%%
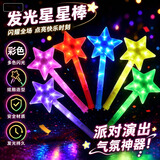 京唐节日爱心荧光棒心形灯牌演唱会道具手持发光短款助威棒幼儿园表演
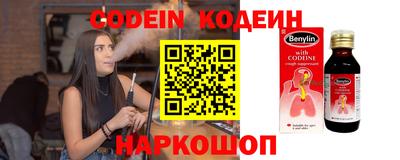 мефедрон VHQ Канаш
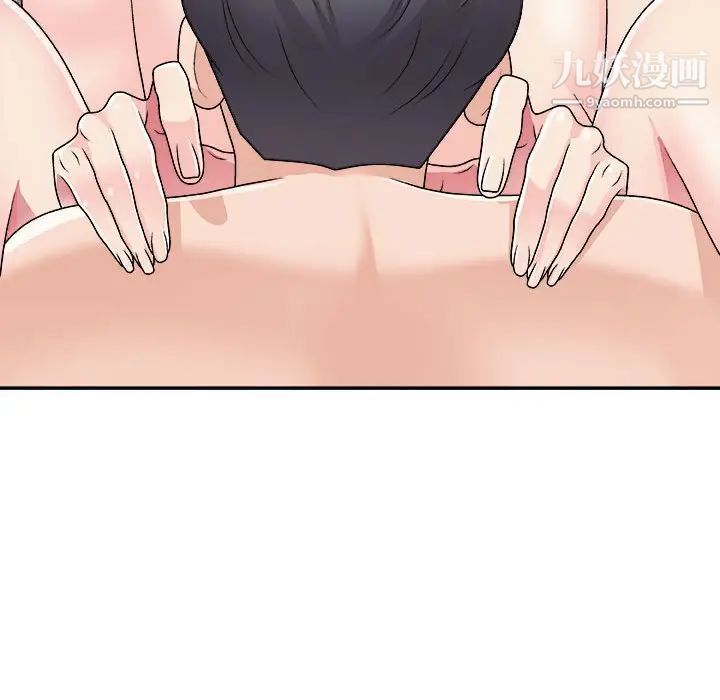 《主播小姐》漫画 第87話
%%
## EXERCISE DIRECTIONS
Your reply should be the full data above, copied exactly, with no pictures in it.

## WRITTEN SOLUTION
 京唐节日爱心荧光棒心形灯牌演唱会道具手持发光短款助威棒幼儿园表演
 мефедрон VHQ Канаш
 《主播小姐》漫画 第87話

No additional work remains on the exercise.